▶ _Exercise description_:
What is needed is an exact repetition of the lines from the first one in the data through the line with "Marmaris'te kask takmayan", with no pictures.

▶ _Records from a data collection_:

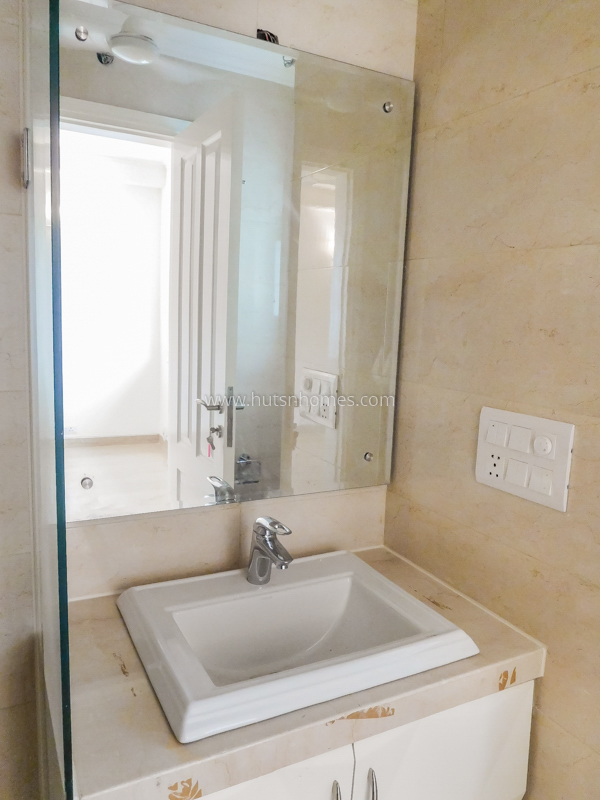 3 BHK Builder Floor For Rent in Defence Colony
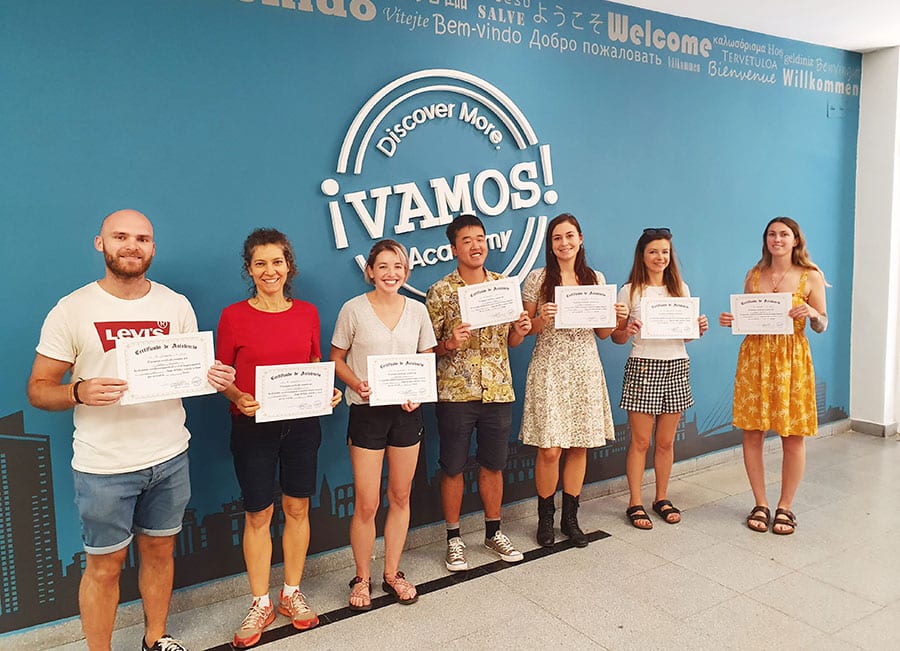 international and social atmosphere can be seen in group completion certificate picture
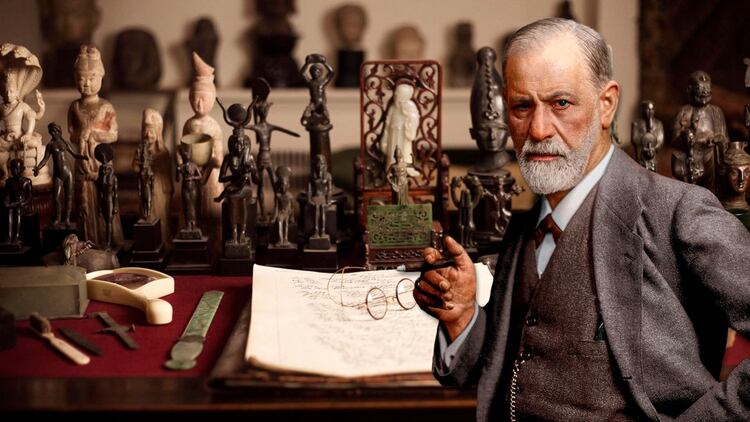 Freud, el coleccionista de estatuillas egipcias 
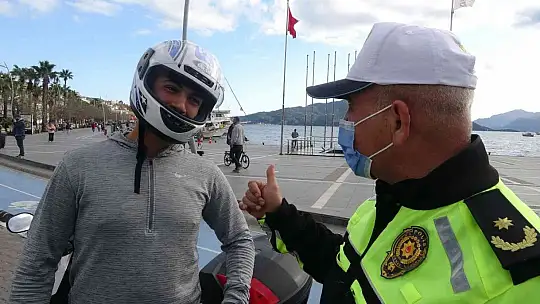 Marmaris'te kask takmayan motosiklet sürücülerine ceza kesildi
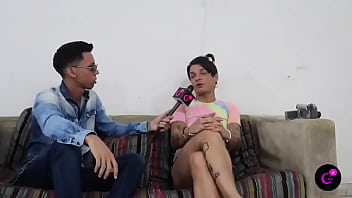 Preview 1 of Dress Sexy Video - la familia siente verguenza a raiz de que ha empezado su transformaci&oacute_n.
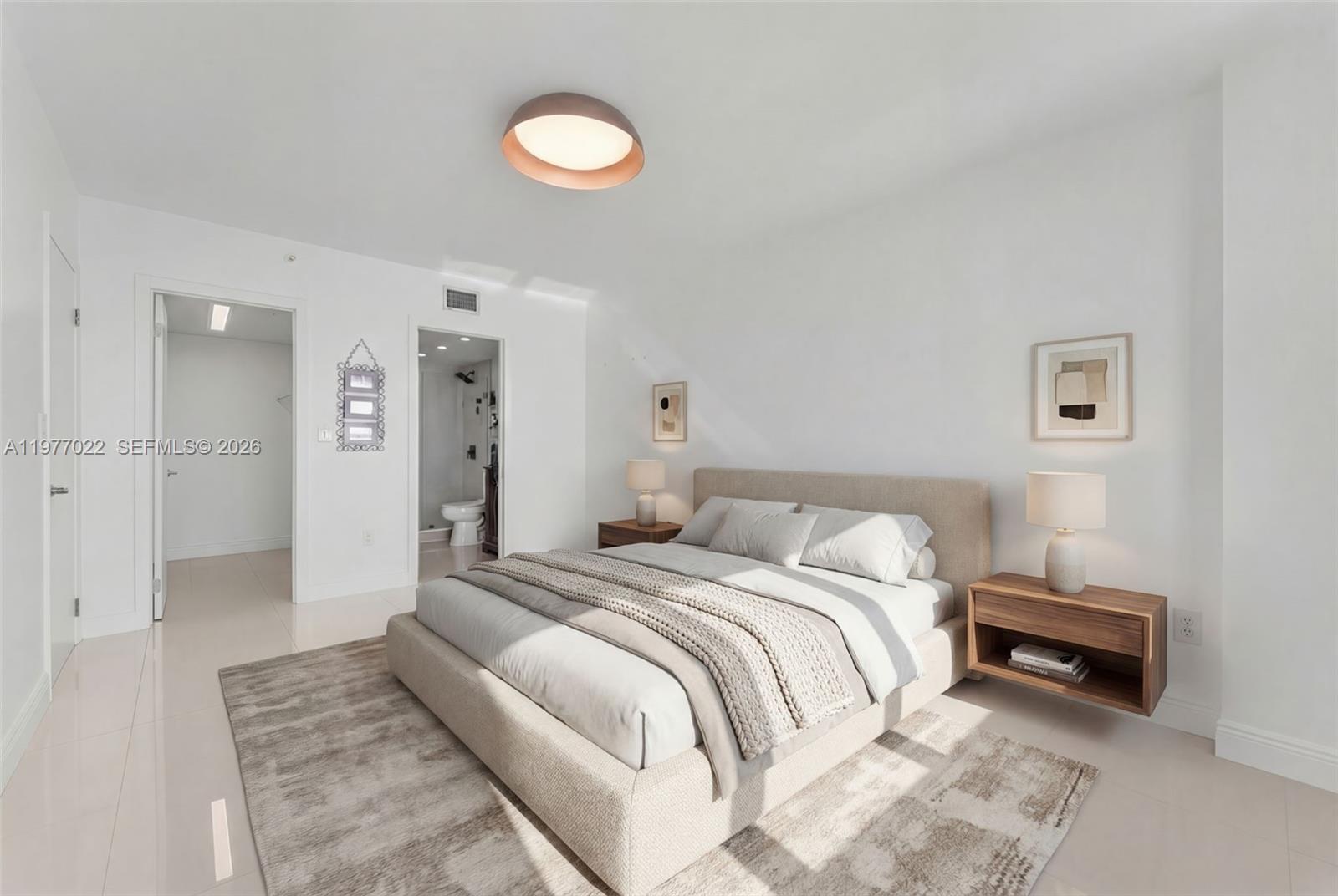 800 Claughton Is Dr #2804 Miami, FL 33131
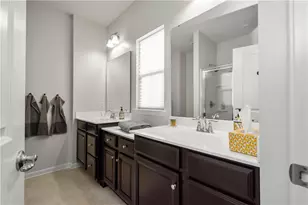 4005 Crown Dr, South Park, PA 15129 - Photo 16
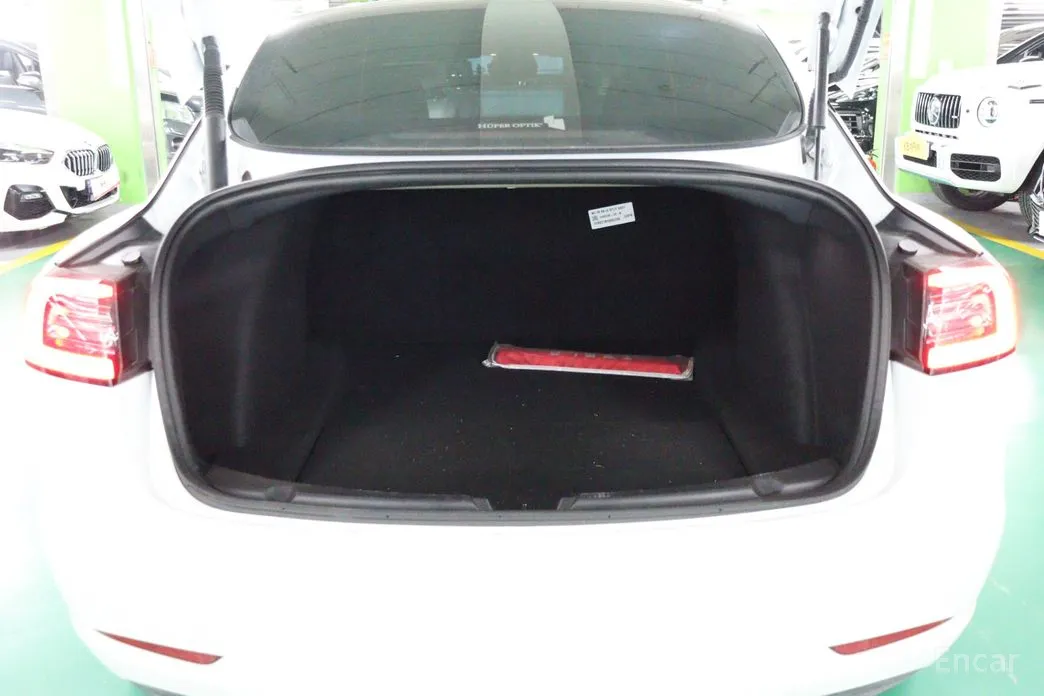 Фото 17 - Tesla Model 3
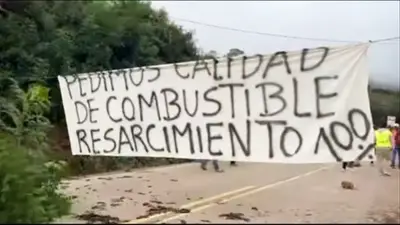 Mototaxistas levantan bloqueo en YPFB y trasladan protestas a rutas interprovinciales en Santa Cruz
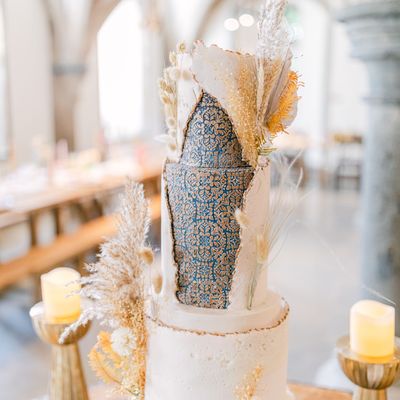 Cake Design by Holly Miller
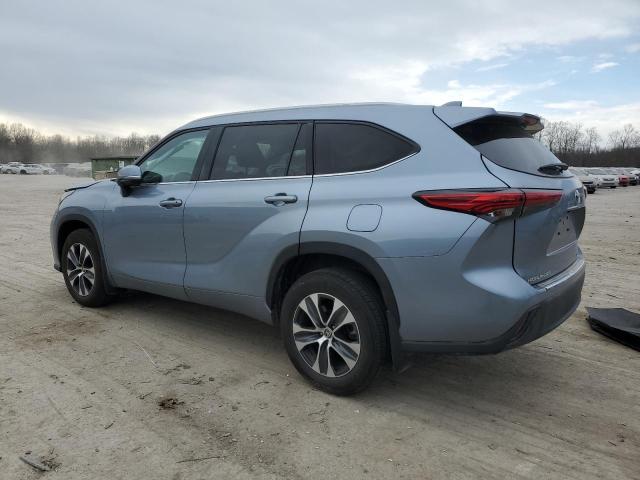 Image 2 of 2022 TOYOTA HIGHLANDER XLE 2022 with VIN 5TDGZRBHXNS238826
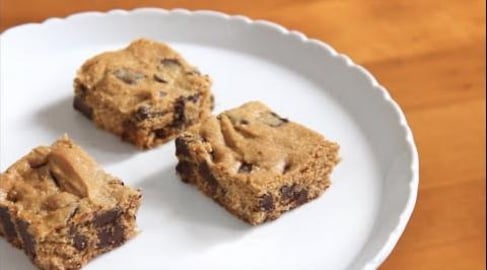 Gluten-Free Peanut Butter Blondies | 5 ingredients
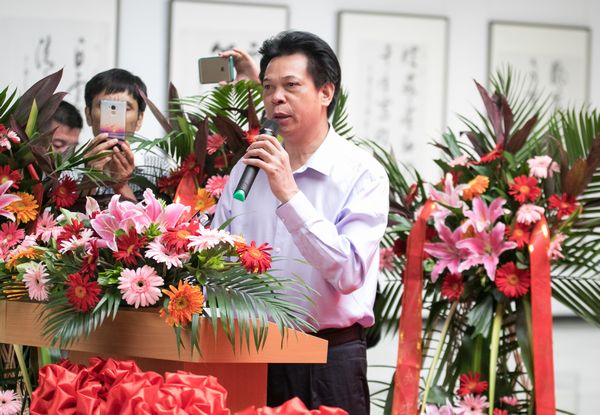 书法家谢金龙致答谢词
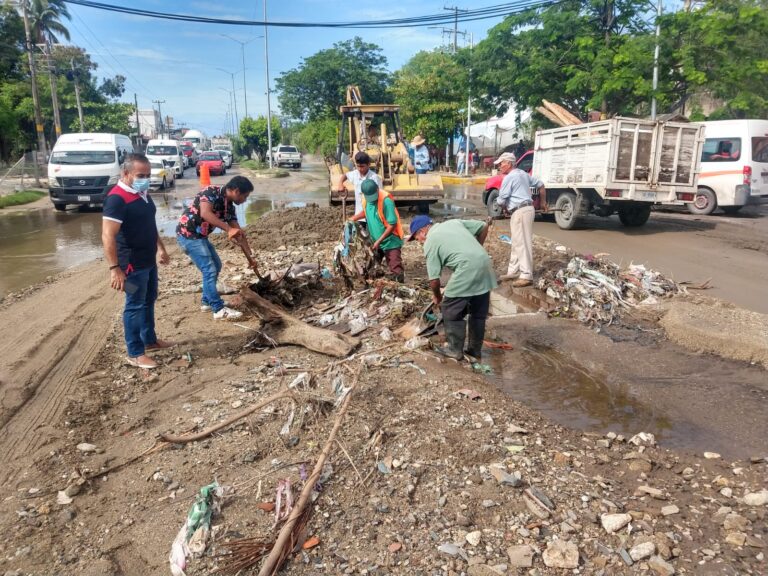 Atiende Maquinaria Pesada deslaves y desprendimiento de rocas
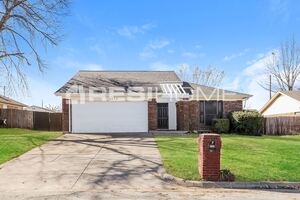 6220 Fernwood Drive Photo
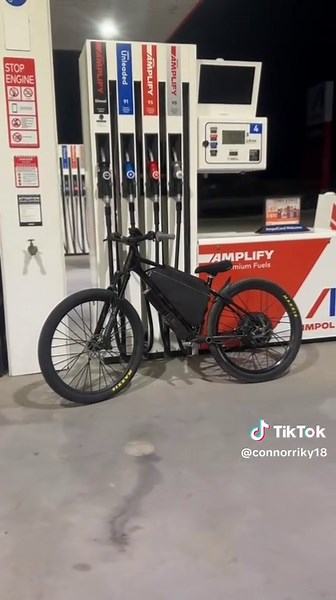 Funny Gas Station Dancing Videos That Will Make You Laugh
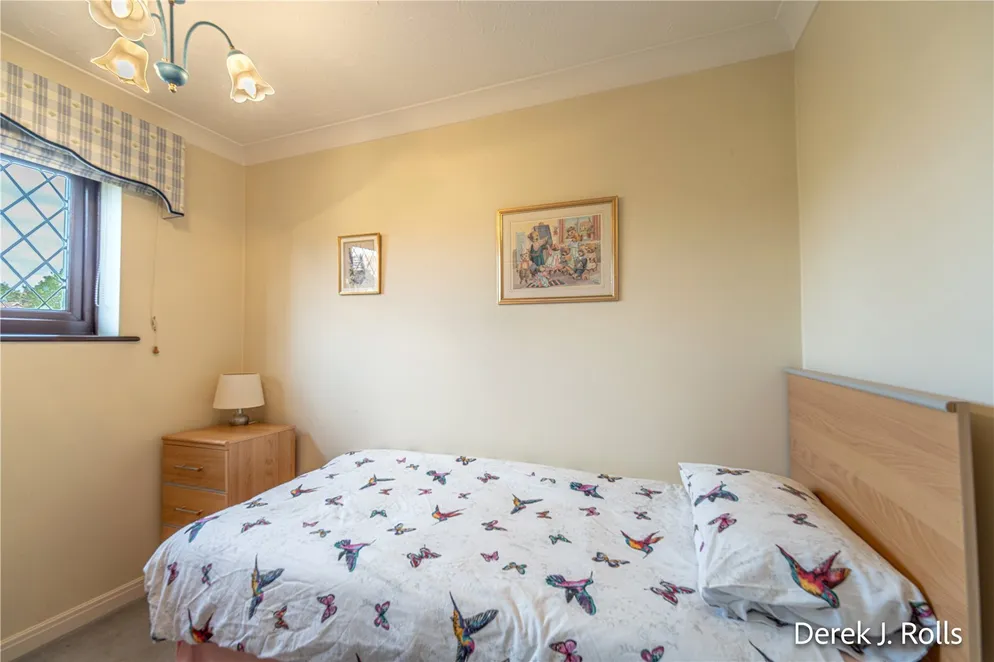 Property carousel item 20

▶ _Solution for this task_:
 3 BHK Builder Floor For Rent in Defence Colony
 international and social atmosphere can be seen in group completion certificate picture
 Freud, el coleccionista de estatuillas egipcias 
 Marmaris'te kask takmayan motosiklet sürücülerine ceza kesildi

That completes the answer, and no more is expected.